There comes a time when you've enjoyed horse ownership so much that you contemplate taking your equine involvement a step further by setting up your own breeding operation. Perhaps you have an impeccable colt that shows promise as a stallion, or maybe you have a string of mares you'd love to see produce foals. Whatever your motivation, it's easy to get caught up in pastoral visions of pregnant mares and adorable foals populating your farm.
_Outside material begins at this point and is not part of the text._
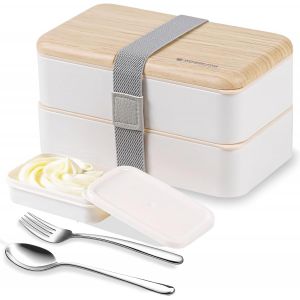 Bo&icirc;te Bento Repas Bo&icirc;te &Agrave; Lunch Bo&icirc;te &Agrave; D&eacute;jeuner Gouter Bundle Divider Style Japonais Lunch Box Avec Une Cuill&egrave;re Et Une Fourchette En Acier Inoxydable (Rose) - Neuf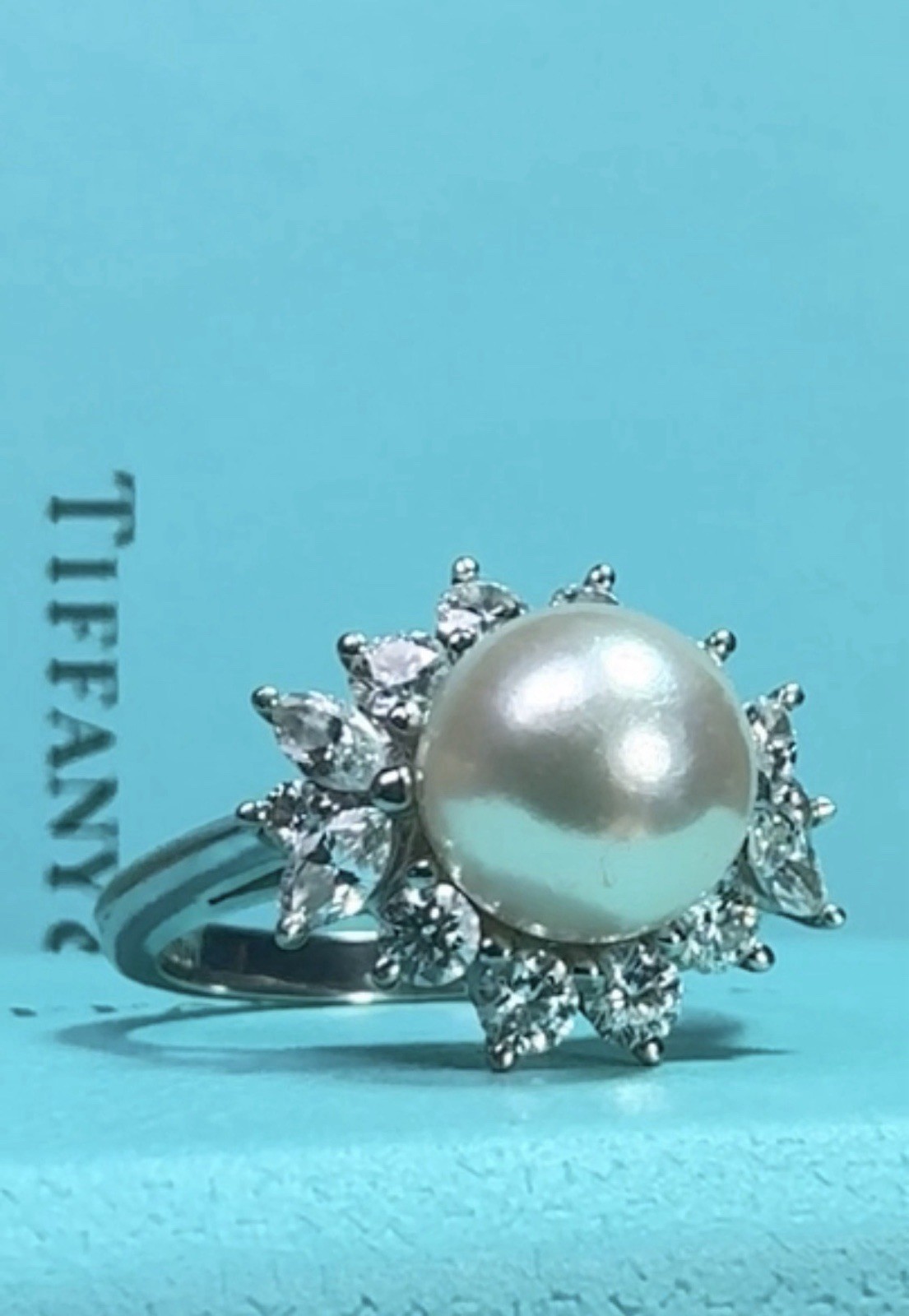 $9,450 TIFFANY & CO. VICTORIA 8MM PEARL AKOYA DIAMOND PLATINUM RING BAND SIZE 6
But before your stallion services a lineup of mares, carefully consider the facilities and equipment needed to set up your brand new breeding operation.

Safety First

Safety is the most important quality in a breeding facility's design, according to Linda Royer of Equine Facility Design in Oregon City, Ore. "Breeding animals are bigger and stronger than we are, and when they are breeding they can be overcome by instincts that make humans insignificant," she says. "Even the most experienced breeding stallion can become unmanageable at times, so control and escape measures are important in design."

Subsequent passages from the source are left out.